## Task item
A verbatim repetition of the data below is requested, without images.

## Data excerpt
.....

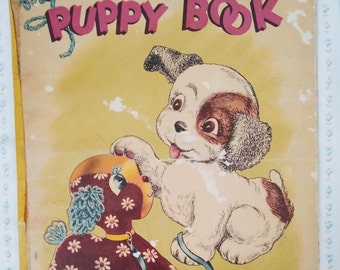 1963 My Puppy picture book oversized first reader graphics are amazing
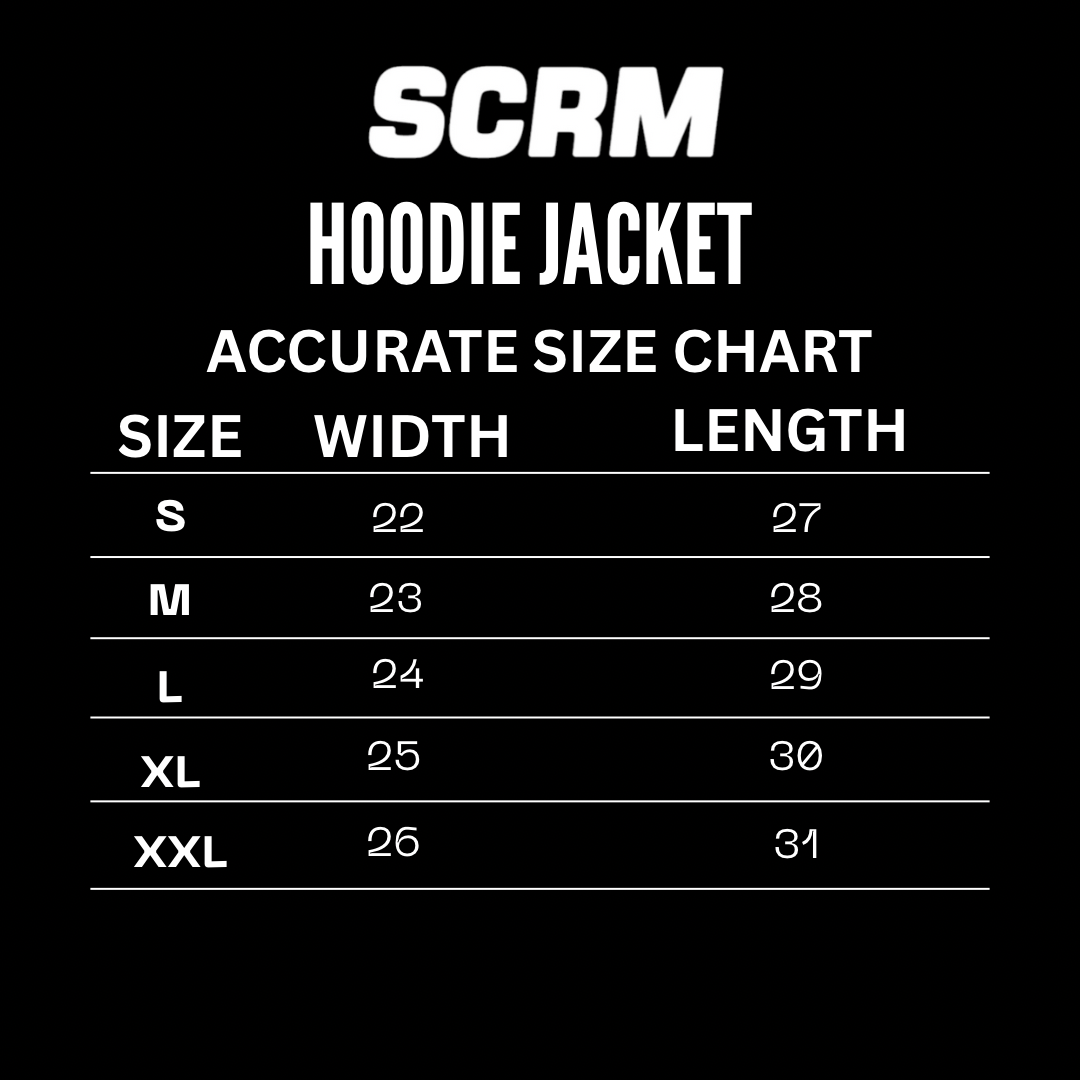 SCRM ZIP UP HOODIE LINEN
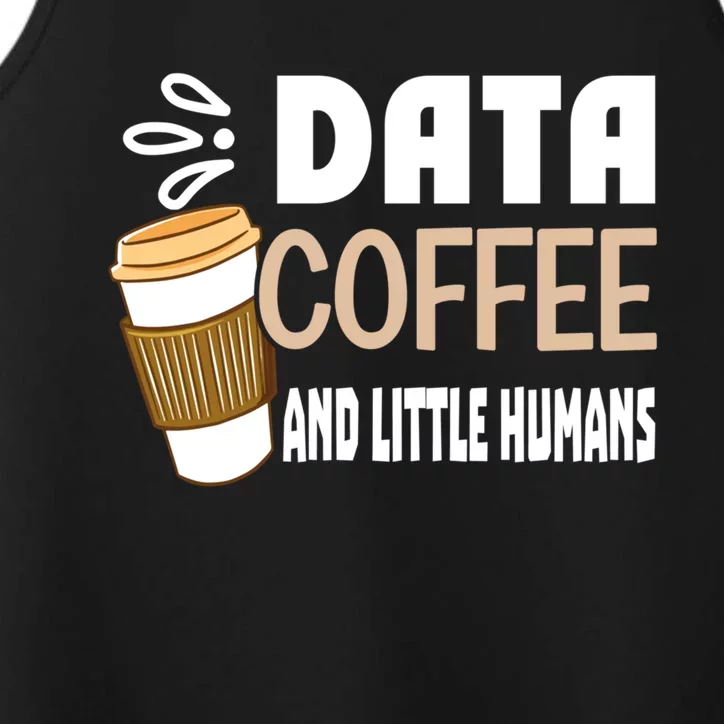 Data Coffee And Little Hu Meaningful Gift Performance Tank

.....

## Problem solution
 1963 My Puppy picture book oversized first reader graphics are amazing
 SCRM ZIP UP HOODIE LINEN
 Data Coffee And Little Hu Meaningful Gift Performance Tank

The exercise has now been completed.